# Dirac Delta fn

1. Apr 14, 2007

### pivoxa15

1. The problem statement, all variables and given/known data
int[d(x-a)f(x)dx]=f(a) is the dirac delta fn

but is int[d(a-x)f(x)]=f(a) as well? If so why?

3. The attempt at a solution
Is it because at x=a, d(0)=infinite and integrate dirac delta over a region including x=0 when d(0) is in the value in the integral will produce 1 hence f(a).

2. Apr 14, 2007

### Gib Z

Since
$$\int f(x) d(a-x) = -\int f(x) d(x-a) = -f(a)$$ your asking is f(a)=-f(a).

3. Apr 14, 2007

### HallsofIvy

Staff Emeritus
No, $\int_{-\infty}^{\infty} \delta (a- x)f(x)dx= -f(a)$. Use the substitution u= a-x.

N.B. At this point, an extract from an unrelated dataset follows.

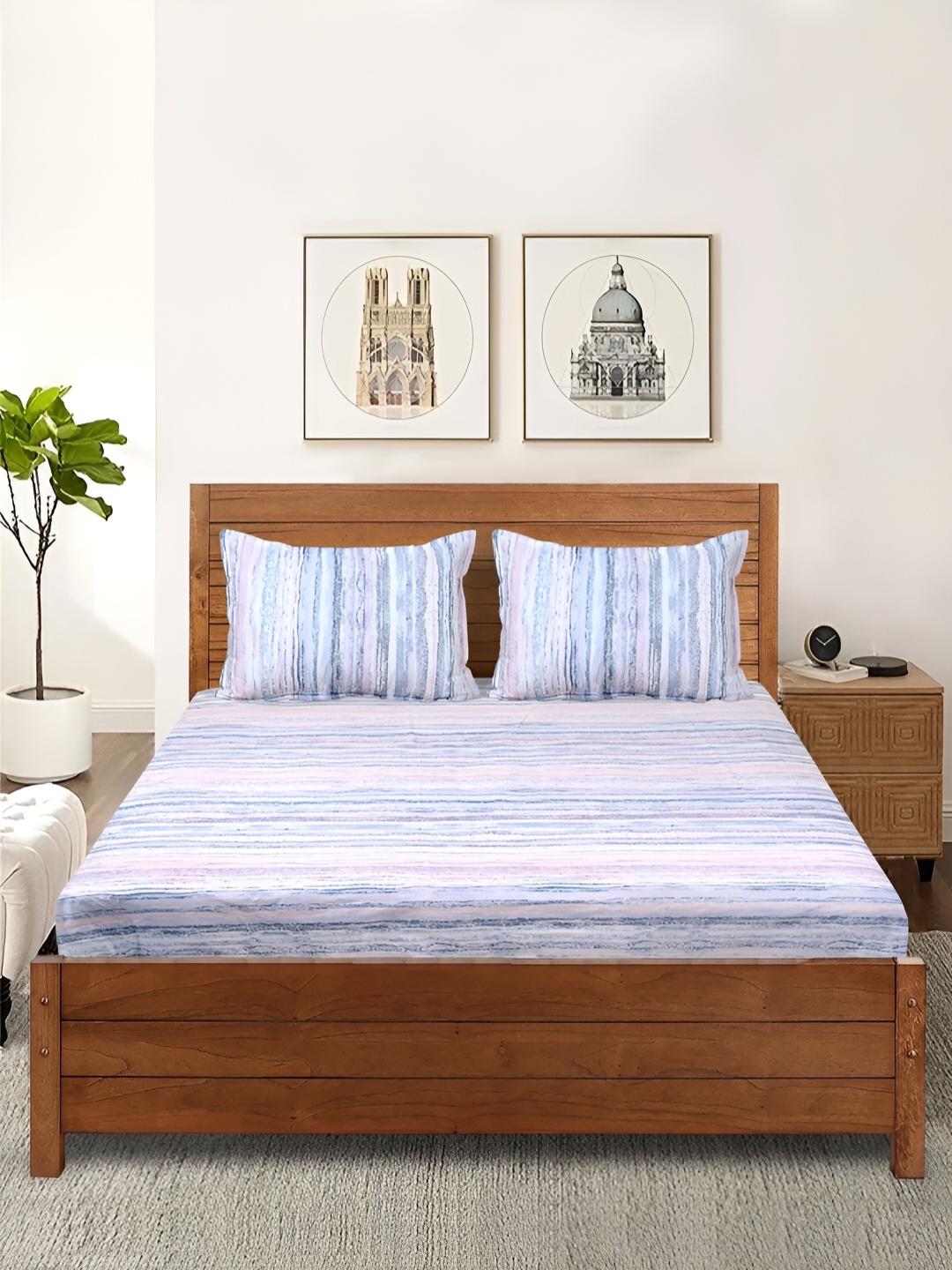 

Saral Home Blue & White 210 TC King Bedsheet with 2 Pillow Covers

That's a very rough way of putting it. More correctly the dirac delta function (actually a "generalized function" or "distribution") is DEFINED by the property that $\int \delta(x) f(x)dx = f(0)$ as long as the integration include x= 0.

Last edited: Sep 20, 2009
4. Apr 14, 2007

### pivoxa15

So it can be but in some cases it is not.

5. Apr 14, 2007

### Gib Z

6. Sep 20, 2009

### Shafikae

is it possible to explain step by step including the integration of the following:

(1) f(x) d(x-a) = f(a) d(x-a)

(2) \int f(a) d(a-x) = f(x)

Thank you,..!!!

7. Sep 20, 2009

### HallsofIvy

Staff Emeritus
Are you changing symbols here? does "d(x-a)" still mean the delta function? Are you asking why
(1) $$\int f(x)\delta(x- a)dx= \int f(a)\delta(x-a)dx$$?

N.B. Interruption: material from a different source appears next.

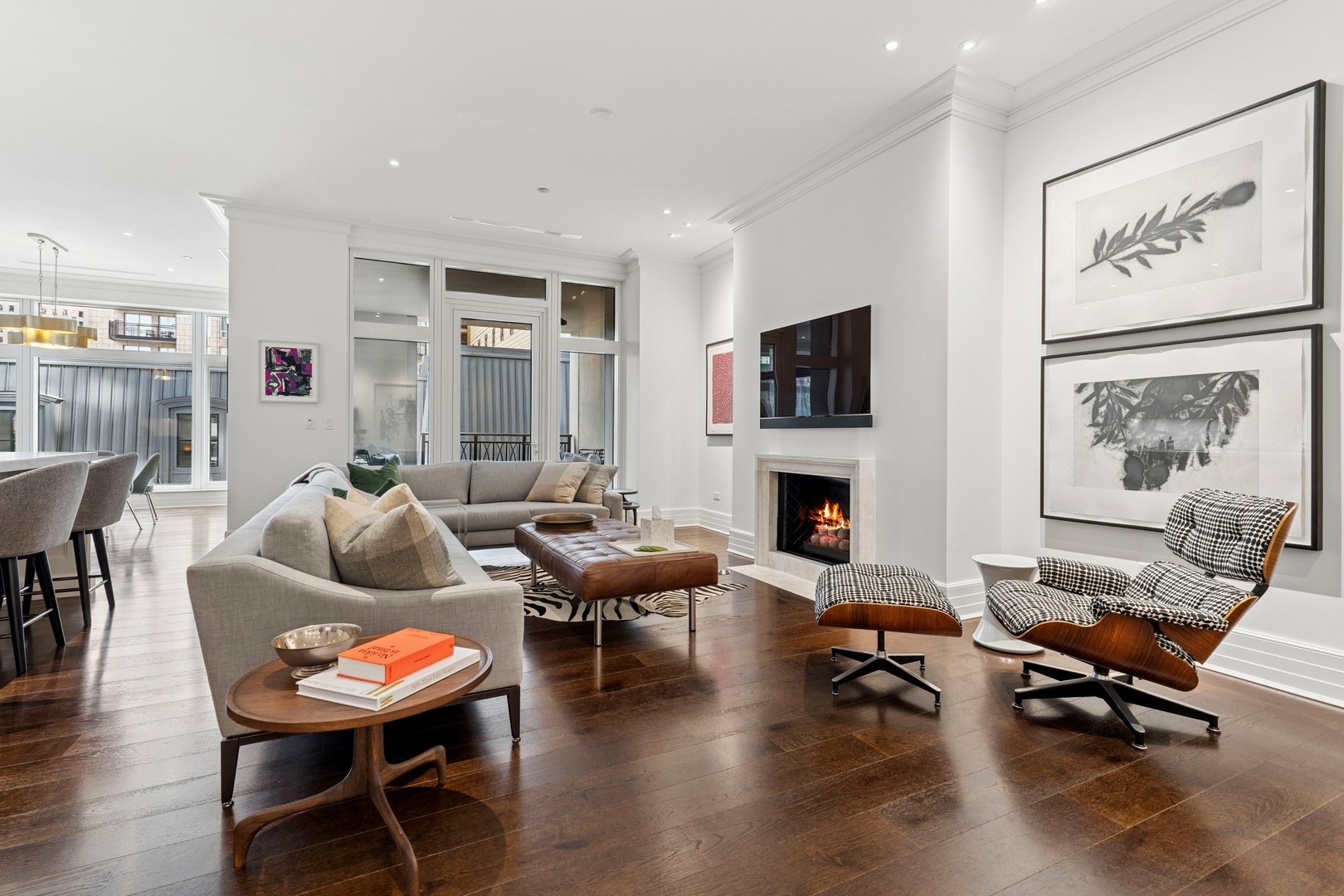 9 W Walton Street Unit: 601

That is because the definition of $\delta(x-a)$ require that the
$$\int f(x)\delta(x-a)dx= f(a)$$
for any function f as long as the integral of integration includes x= a.
Of course,
$$\int f(a)\delta(x-a) dx= f(a)\int \delta(x-a)dx= f(a)(1)= f(a)$$

As for
(2)$$\int f(a)d(a- x) dx= f(x)$$
That's not true. In fact,the right hand side cannot be a function of x at all. The integral is just as in (1).